Concerns had been raised by residents about the amount of noise that might come from the balcony, the committee heard.
Councillor Kevin Hodder, a member of Weymouth and Portland Borough Council’s planning committee, said: “To me the balcony is the only thing that’s wrong with it.
“We can’t sit here as a planning committee and say no one’s going to use the balcony after 11pm at night as we don’t know that.
“Everything else is fine and everything that’s been put forward is fine.”
The building will be three storeys high in the middle and will also have single and two-storey elements. A report to the committee said that the pub has been shut for five years.
It said alterations will be made to make the care home wheelchair accessible and the home will provide 24/7 staffed care.
Alterations will be made to provide communal space, kitchen, office, stairway and bathrooms at ground floor level.
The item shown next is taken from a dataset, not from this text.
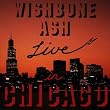 Live in Chicago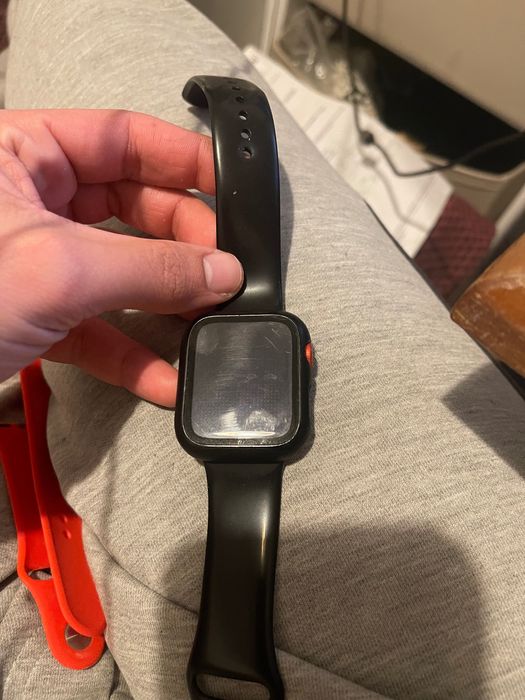 Apple Watch serie 6 44mm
The first and second floor bed and breakfast rooms and manager’s accommodation associated with the public house would be altered to provide ten bedrooms.
It also includes a rear bedroom extension and is supported by planning officers who say that the suitability of the building and its location is not a planning matter.
Former Portland mayor Kris Haskins is among those who objected to the scheme.
He suggests Castletown is a ‘totally unsuitable’ area for such a facility given there are four other pubs and hotels nearby.
Mr Haskins adds in a letter: “The Jolly Sailor is also one of the oldest buildings in Castletown and is of historical importance.”
A resident’s letter was read out to councillors in the meeting in support of the conversion.
It said: “The Jolly Sailor has become an eyesore and needs to become something other than a pub.
“I think it would make a splendid care facility.”
Councillor Ray Banham told the meeting: “I’m quite happy with what I saw on site.
“The only thing that did come up was the balcony situation.
“In general I can’t see anything wrong with this development at all.”